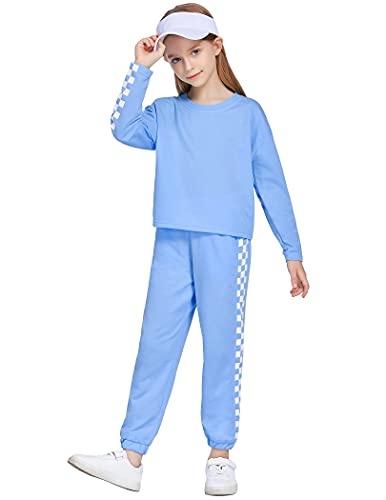 Greatchy Girls Plaid Sweatshirts Hoodies Pullover Tops Pants 2Pc Tracksuit Sweatsuit Spring Fall Clothes Set #TOP1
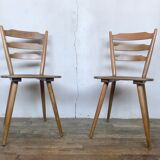 Pair of Scandinavian chairs or vintage wooden bistro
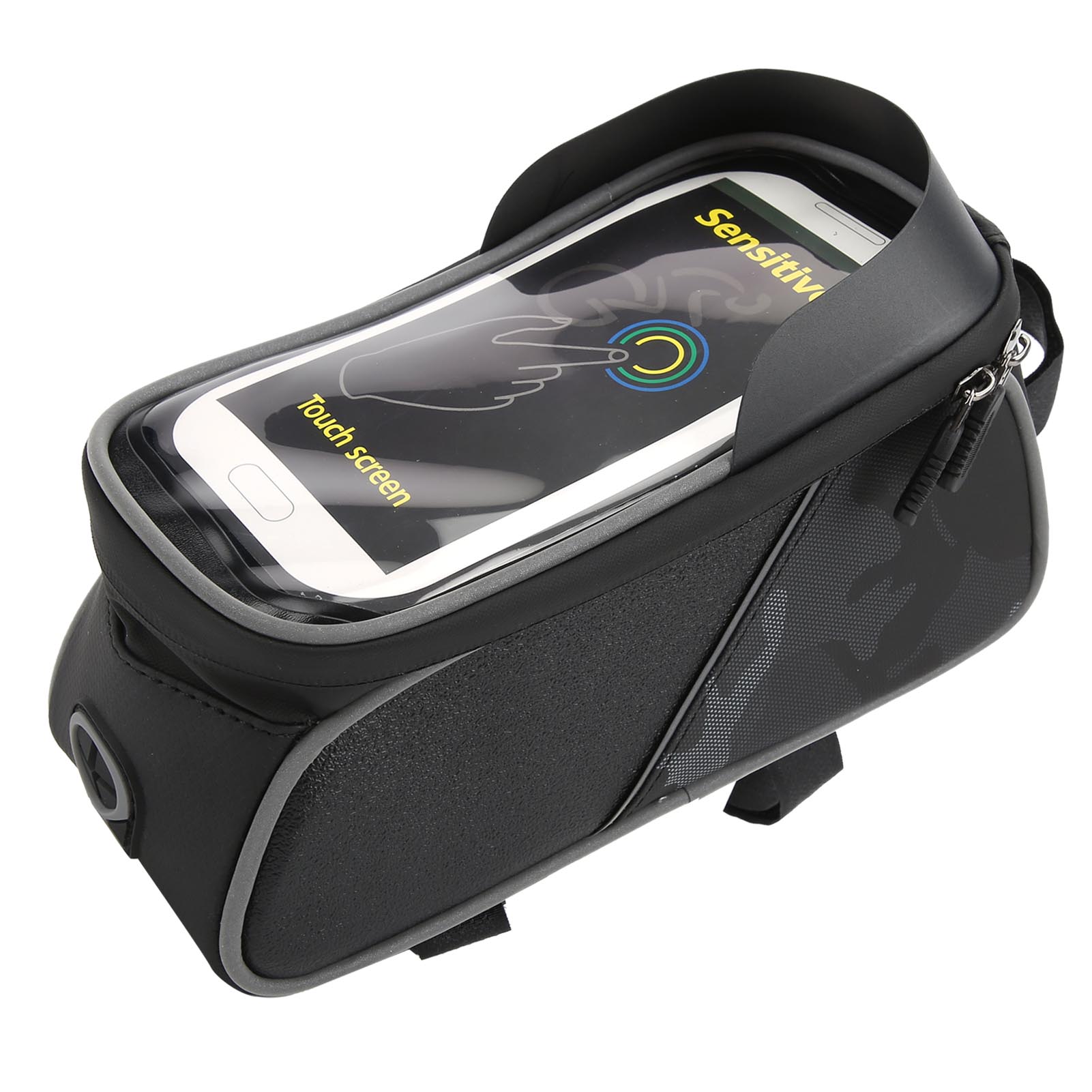 

Bike Front Frame Bag Waterproof TPU Sensitive Touch Screen Top Tube Phone Mount Bag Pouch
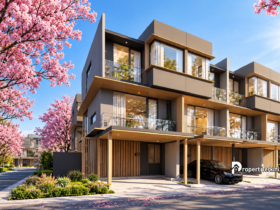 Fasad hunian 3 lantai Brentwood Villas Cikarang karya Alex Bayusaputro berkonsep multigenerational living di OAZE Cikarang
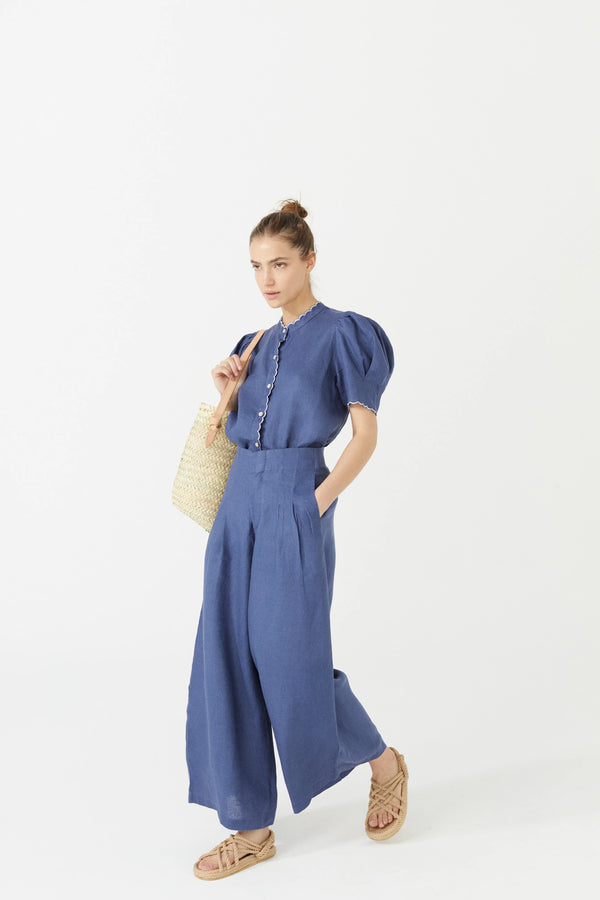 Culotte Linen Pant in Deep Blue, from Lanhtropy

○ ○ ○ ○

*WHAT NEEDS TO BE DONE*
Output exactly the lines from the one that has "Bike Front Frame" through the end of the data. Do not include pictures.

*EXERCISE SOLUTION*
Bike Front Frame Bag Waterproof TPU Sensitive Touch Screen Top Tube Phone Mount Bag Pouch
 Fasad hunian 3 lantai Brentwood Villas Cikarang karya Alex Bayusaputro berkonsep multigenerational living di OAZE Cikarang
 Culotte Linen Pant in Deep Blue, from Lanhtropy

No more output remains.